Pertamina mencatat, dengan menjual solar subsidi sebesar Rp5.150 per liter, maka pihaknya telah membukukan keuntungan. Namun, jika subsidi solar dipangkas menjadi Rp500 per liter dalam Rancangan Anggaran Pendapatan dan Belanja Negara Perubahan (RAPBN-P) 2016, maka Pertamina hanya bisa menahan harga solar Rp5.150 per liter hingga September saja.
Direktur Pemasaran dan Niaga Pertamina, Achmad Bambang mengatakan perusahaan pelat merah ini memiliki bantalan atas laba penjualan solar sejak Januari 2016. Bantalan itu hanya bisa menopang sampai September. Apabila dipaksakan sesuai permintaan pemerintah, maka Pertamina akan rugi.

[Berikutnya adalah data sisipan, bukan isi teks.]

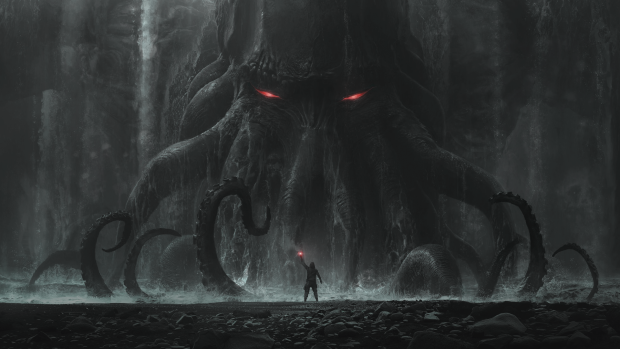 Cthulhu Wallpaper HD Free download.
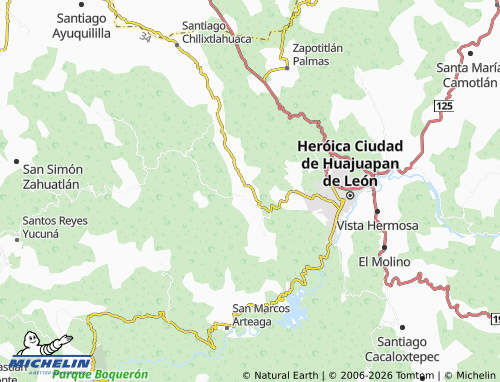 MICHELIN-Landkarte San Isidro - ViaMichelin
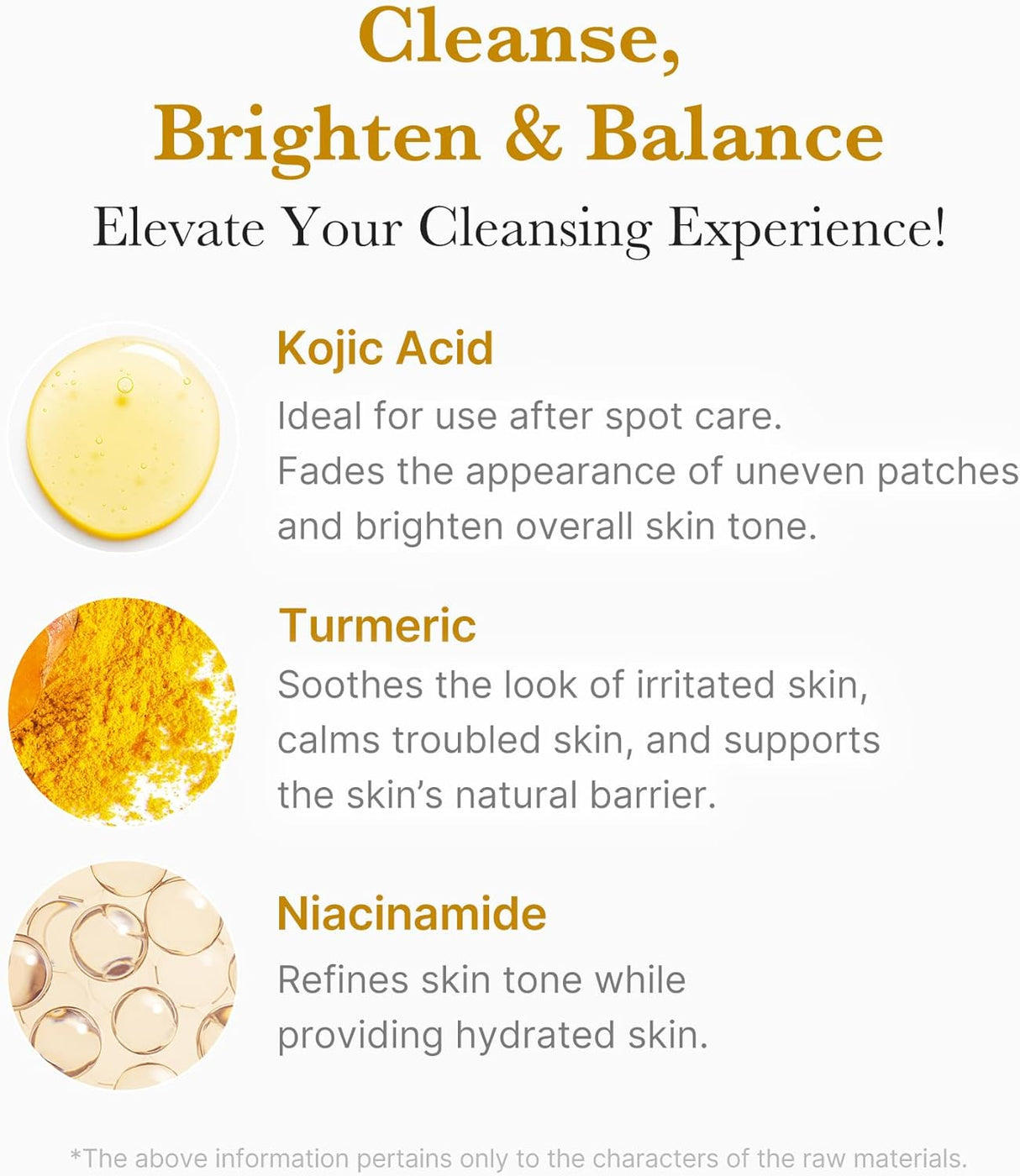 MEDICUBE | Kojic Acid Turmeric Toning Cleanser - 120gr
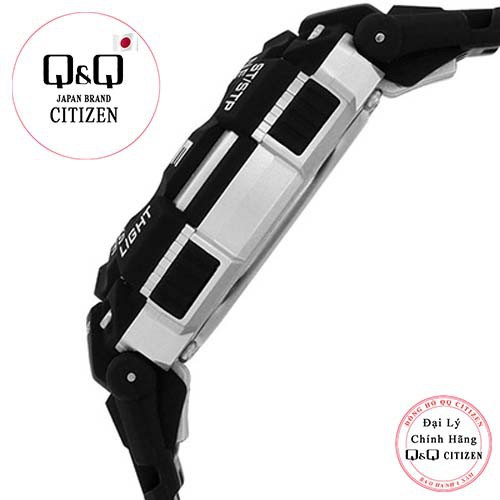 Đồng hồ Unisex Q&amp;Q Citizen M149 dây nhựa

"Kami punya bantalan (laba) dari penjualan sejak Januari 2016. Tetapi, jika harga tidak boleh naik sama sekali, maka bantalan tersebut hanya cukup sampai September. Sehingga selanjutnya (bila sampai Desember) rugi," kata Ahmad kepada Metrotvnews.com, di Jakarta, Kamis (16/5/2016).

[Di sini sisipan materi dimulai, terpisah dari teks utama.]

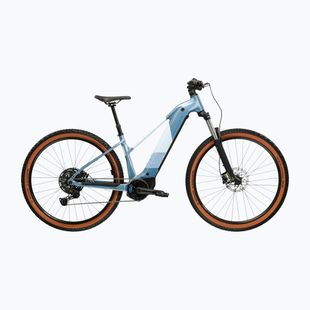 Rower elektryczny damski KROSS Influx Hyb 3.0 29 el. 800 Wh niebieski/błękitny/połysk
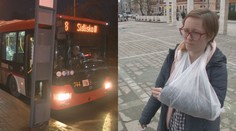 Nočná mora v slovenskej MHD: Michaele (36) sa zasekla ruka vo dverách. Vodič ju ťahal za trolejbusom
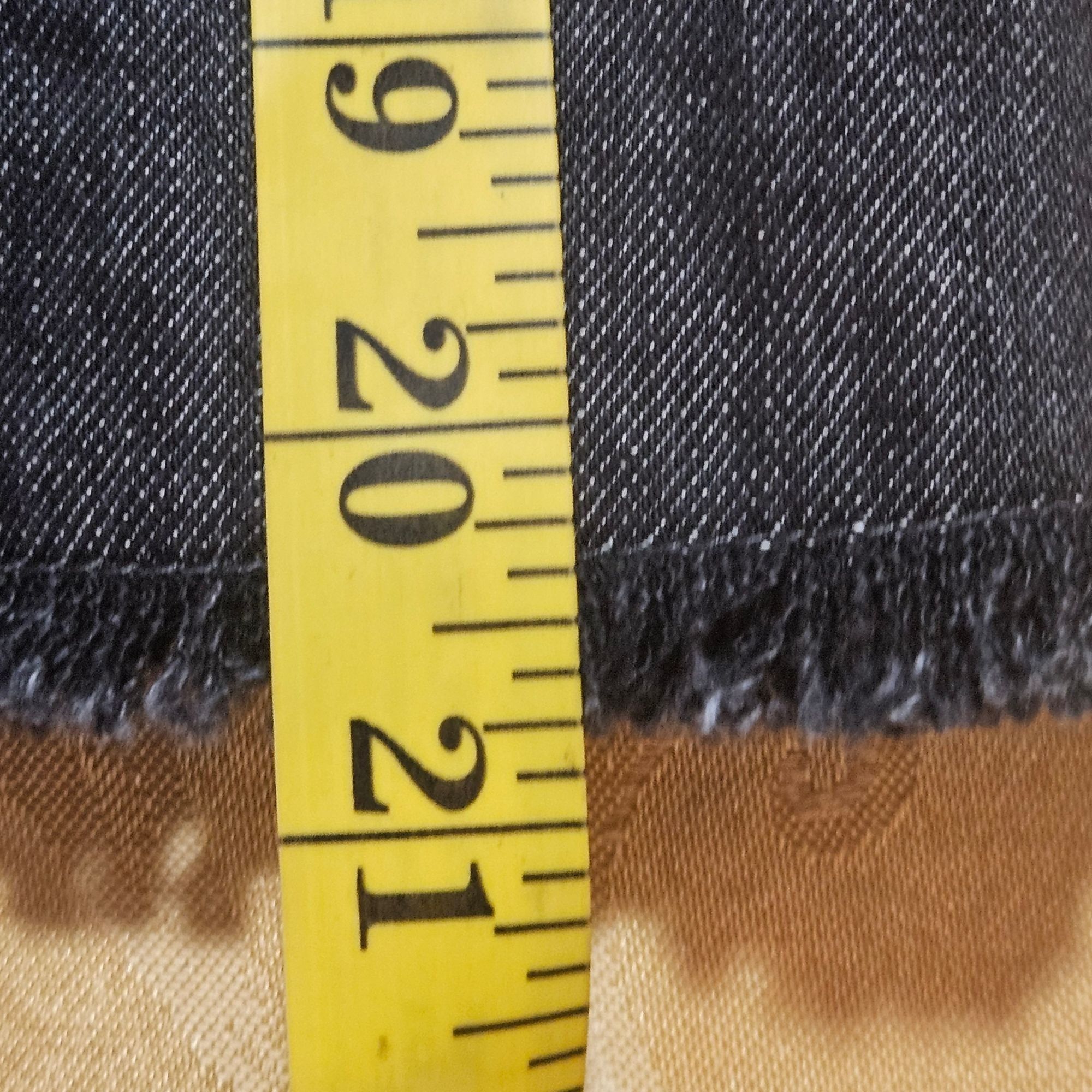 Other EUC Judith March Women Denim Jacket S Frayed Hem Boho Multic Size S / US 4 / IT 40 - 9 Thumbnail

Menurutnya, bila harga solar tetap dipaksakan tidak naik hingga akhir tahun, merupakan suatu bentuk ketidakadilan. Sebab, Pertamina juga yang harus menanggung kerugiannya.
"Padahal uang subsidinya sudah tidak ada, sehingga rugi ini harus ditanggung Pertamina. Tidak adil lah apabila laba disuruh kembalikan namun bila rugi disuruh tanggung," tegas Achmad.

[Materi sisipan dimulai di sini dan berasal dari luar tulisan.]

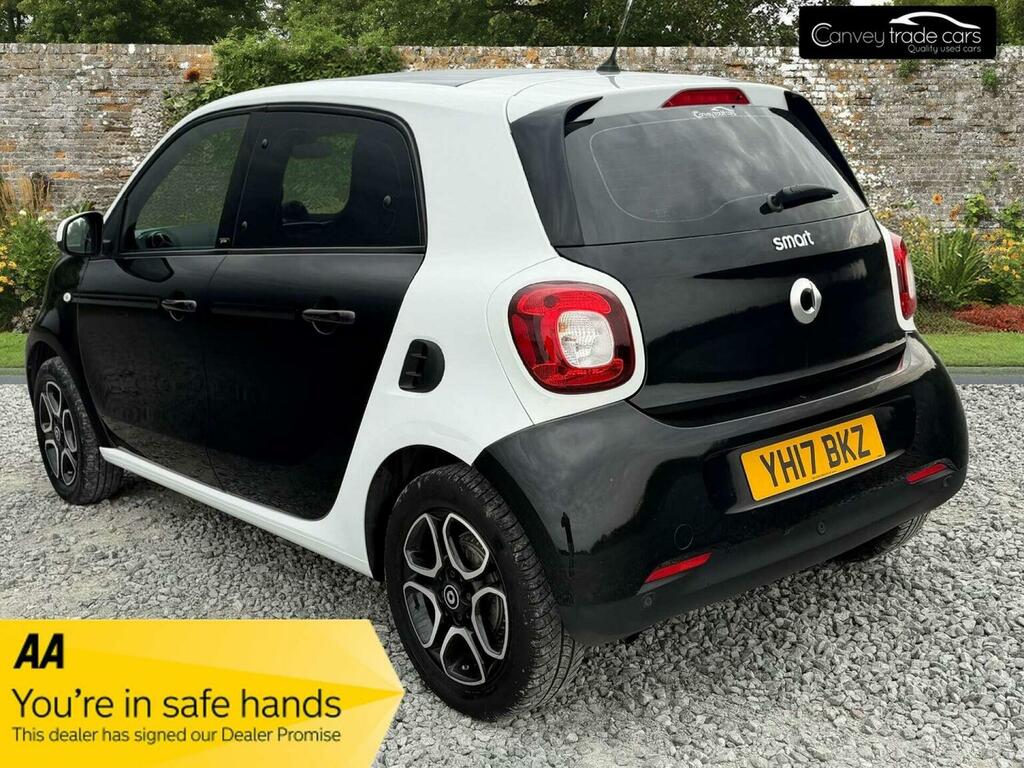 Smart Forfour Hatchback 0.9T Prime Premium Twinamic Euro 6 S YH17BKZ Black #2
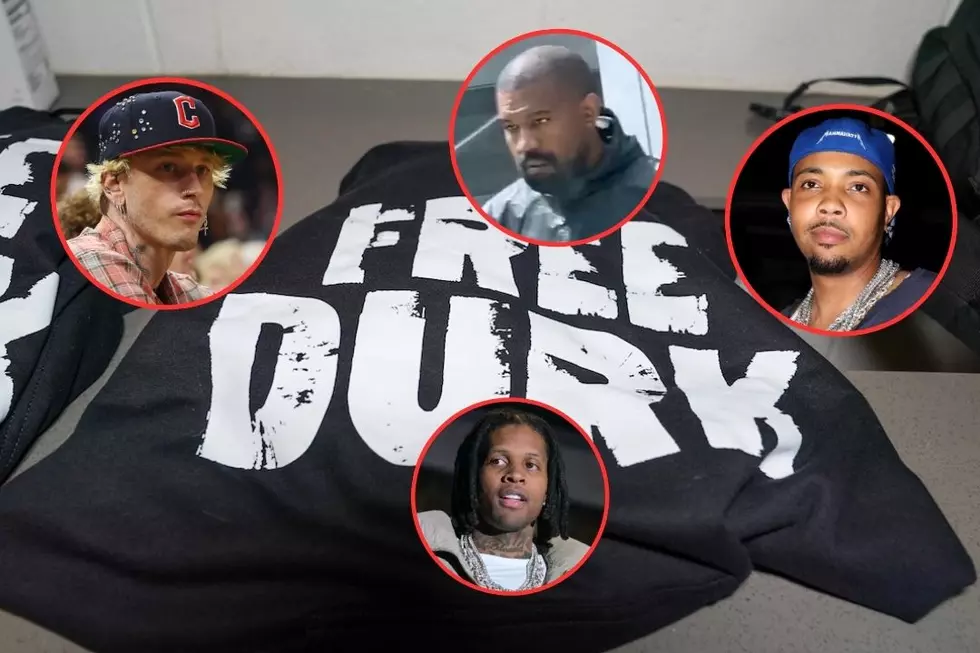 Hip-Hop Shows Up for Lil Durk In and Outside the Courtroom During His Murder-For-Hire Trial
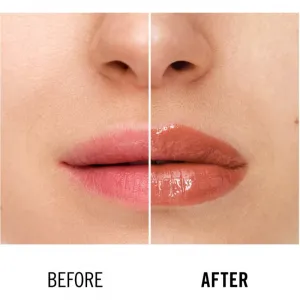 Rimmel Oh My Gloss! Plump lesk na pery odtieň Peach Pie 6.5 ml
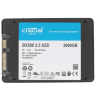 Твердотельный накопитель CRUCIAL 2000 Gb BX500 (CT2000BX500SSD1)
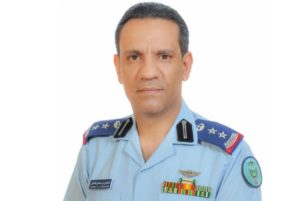 Saudi-led Coalition Forces Colonel Turki al-Maliki.
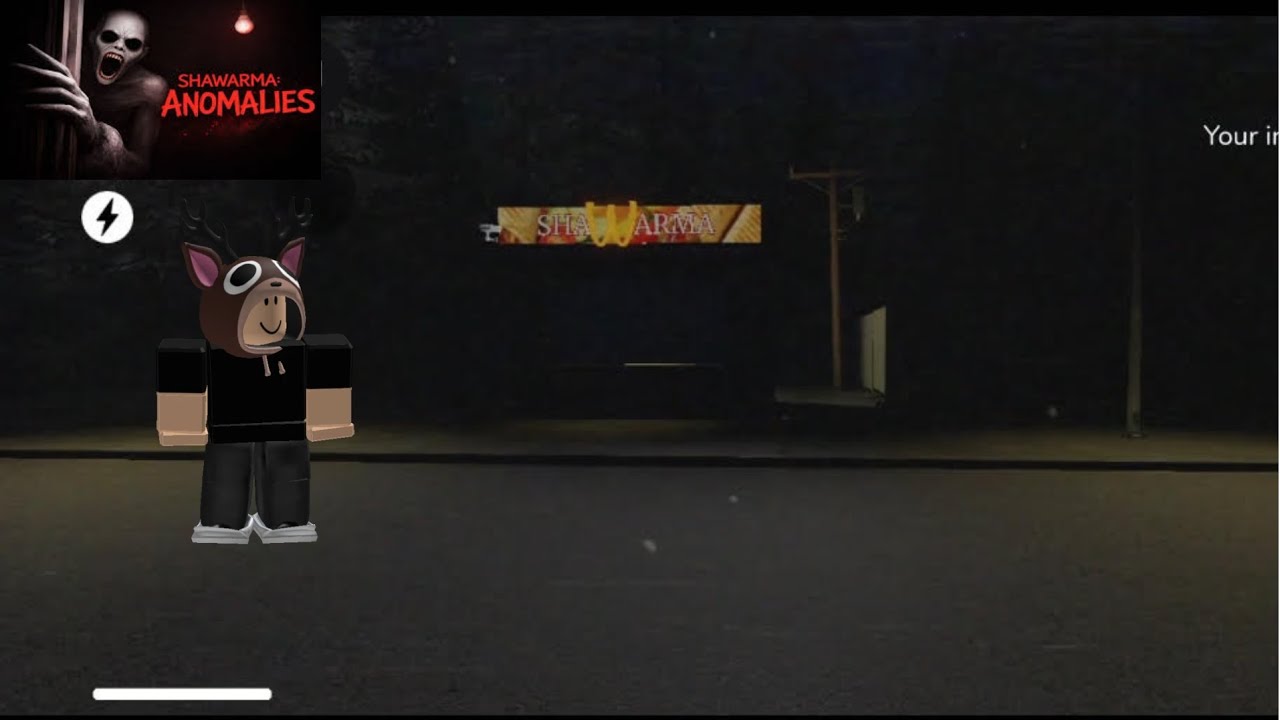 A very... Creative horror game 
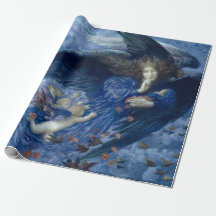 Noche con su tren de estrellas (Ángel con Cherubs)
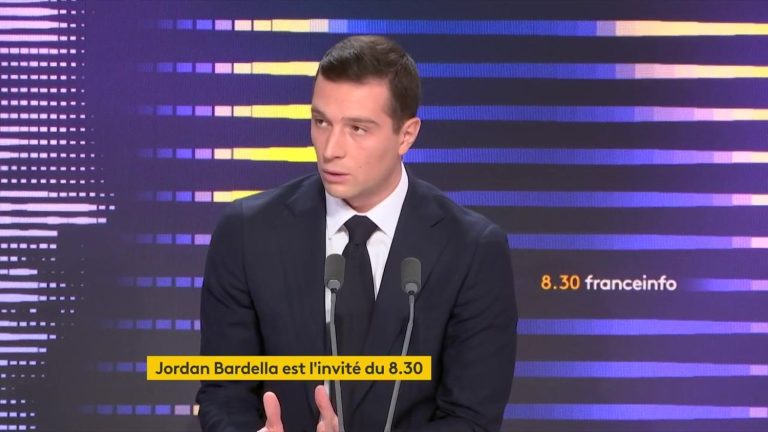 “I don’t see the added value of welcoming people from Chechnya or Afghanistan,” declares Jordan Bardella, president of the RN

Hal tersebut pun diperkuat dengan pernyataan Direktur Utama Pertamina, Dwi Soetjipto saat menghadiri IPO PT Sillo Maritim Perdana Tbk. Dwi mengungkapkan, Pertamina akan konsisten untuk tidak menaikkan harga solar hingga September.
"Jadi kalau kita lihat dengan subsidi Rp500 per liter itu paling tidak sampai September. Kita sudah komit sampai September tidak ada kenaikan harga," tambah Dwi.
Pertamina akan mengalihkan keuntungan yang sudah didapatkan sejak Januari untuk menutup kekurangan pada Juli sampai September.